Reformulasi dan Reorientasi Arah Gerakan kader PMII

17 April 1960 adalah kelahiran sebuah organisasi mahasiswa ekstra kampus dengan latar belakang kultur Nahdlatul Ulama’ (NU) yang secara tegas menjaga dan melestarikan ajaran Islam Ahlusunnah wal Jamaah. Organisasi tersebut kemudian lahir dengan nama Pergerakan Mahasiswa Islam Indonesia “PMII” di kota pahlawan, Surabaya.

Sehari sebelumnya, mahasiswa NU melakukan musyawarah di Surabaya, yaitu pada tangggal 14-16 April 1960 yang melahirkan kesepakatan untuk memberi nama Pergerakan Mahasiswa Islam Indonesia (PMII) serta menyusun peraturan dasar PMII yang mulai berlaku pada 17 April 1960. Tanggal inilah yang kemudian digunakan sebagai peringatan hari lahir organisasi tersebut. Pergerakan Mahasiswa Islam Indonesia adalah satu-satunya organisasi kemahasiswaan yang menggunakan ideologi Ahlu sunnah wal jamaah sebagai doktrin dalam organisasi.

Bacaan Lainnya

Kelahirannya bukan tanpa sebab, berdirinya PMII dilatar belakangi oleh kobaran semangat mahasiswa NU dalam rangka menyelesaikan carut-marutnya situasi politik kala itu. Di satu sisi di awal pendirian PMII sebagian besar programnya juga berorientasi politik. Hal ini karena PMII lahir dari rahim Nahdlatukl Ulama’ (NU) yang merupakan partai politik sehinga di awal kelahirannya dijadikan alat untuk memperkuat partai NU.

Pada saat itu, rezim Orde baru menggunakan kekuasaan poitik sebagai resonansi dalam kebijakannya, sehinga PMII yang merupakan bagian dari komponen bangsa mau tidak mau harus berperan aktif dalam konstelasi politik. Kondisi tersebut hampir mirip dengan kondisi di era modern sekarang ini yang juga menjadi tantangan tersendiri bagi PMII.

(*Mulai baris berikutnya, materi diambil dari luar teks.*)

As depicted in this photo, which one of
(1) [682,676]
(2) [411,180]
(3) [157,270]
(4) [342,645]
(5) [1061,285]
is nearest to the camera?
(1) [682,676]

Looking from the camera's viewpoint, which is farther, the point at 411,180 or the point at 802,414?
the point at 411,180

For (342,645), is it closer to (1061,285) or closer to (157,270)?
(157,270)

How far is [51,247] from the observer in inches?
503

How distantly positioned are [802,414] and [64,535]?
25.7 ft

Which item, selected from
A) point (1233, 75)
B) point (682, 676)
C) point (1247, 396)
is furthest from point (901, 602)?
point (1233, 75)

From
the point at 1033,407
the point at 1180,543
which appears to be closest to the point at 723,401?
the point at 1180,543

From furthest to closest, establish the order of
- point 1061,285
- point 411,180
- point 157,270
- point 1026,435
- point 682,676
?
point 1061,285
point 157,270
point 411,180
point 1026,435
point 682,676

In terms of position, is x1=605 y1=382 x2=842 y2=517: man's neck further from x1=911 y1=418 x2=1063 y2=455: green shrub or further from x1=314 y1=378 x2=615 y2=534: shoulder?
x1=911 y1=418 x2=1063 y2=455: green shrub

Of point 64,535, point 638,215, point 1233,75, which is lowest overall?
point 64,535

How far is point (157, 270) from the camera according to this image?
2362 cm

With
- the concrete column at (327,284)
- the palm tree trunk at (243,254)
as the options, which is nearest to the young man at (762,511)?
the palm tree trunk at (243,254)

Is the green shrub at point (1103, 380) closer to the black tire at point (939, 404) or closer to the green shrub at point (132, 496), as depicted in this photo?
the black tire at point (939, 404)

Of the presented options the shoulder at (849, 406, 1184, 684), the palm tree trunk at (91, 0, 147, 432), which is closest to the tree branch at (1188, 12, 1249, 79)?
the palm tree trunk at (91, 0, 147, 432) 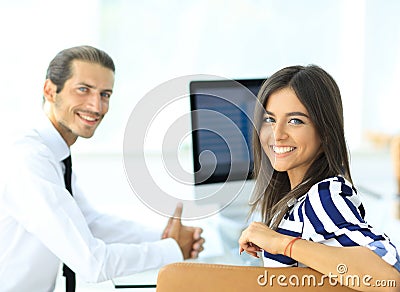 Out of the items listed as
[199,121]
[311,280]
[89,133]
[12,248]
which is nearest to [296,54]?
[199,121]

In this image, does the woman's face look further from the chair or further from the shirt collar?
the shirt collar

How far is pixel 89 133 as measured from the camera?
6.94 ft

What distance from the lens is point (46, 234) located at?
1.80 metres

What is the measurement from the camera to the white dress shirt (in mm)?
1789

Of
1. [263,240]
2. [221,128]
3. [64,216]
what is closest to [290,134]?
[263,240]

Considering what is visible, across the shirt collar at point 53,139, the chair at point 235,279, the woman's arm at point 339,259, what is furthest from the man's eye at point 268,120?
the shirt collar at point 53,139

Sejarah mencatat, bahwa gerakan PMII berpihak kepada masyarakat. Ia selalu berdiri tegak di depan pintu penguasa, merapatkan barisan dan berteriak lantang dalam menyuarakan hak-hak masyarakat. Isu-isu yang dikawal pun beragam. Gerakan sosio-politik dalam menyampaikan aspirasi masyarakat serta kritik yang dilayangkan terhadap tirani mesti dilakukan secara efektif. Isu-isu mendasar seperti HAM, demokratisasi dan keadilan menjadi kajian yang masif dan intensif yang dilakukan di dalam kampus maupun di ruang-ruang diskusi lainnya. Artinya, hal ini juga menjadi penegasan bahwa PMII menjalankan politik nilai (moral) dan bukan politik kekuasaan. Politik nilai yang dimaksud ialah memperjuangkan kemanusiaan, kejujuran, keadilan, kebenaran, kesetaraan serta bela negara. Tentu saja, PMII adalah sosok gerakan yang disegani, baik lawan maupun kawan. Dan sekali lagi, PMII bukan atau tidak boleh menjadi “gerbong politik” yang akan dijadikan batu loncatan bagi yang hendak mencari keuntungan pribadi. PMII selalu menjadi mitra kritis pemerintahan.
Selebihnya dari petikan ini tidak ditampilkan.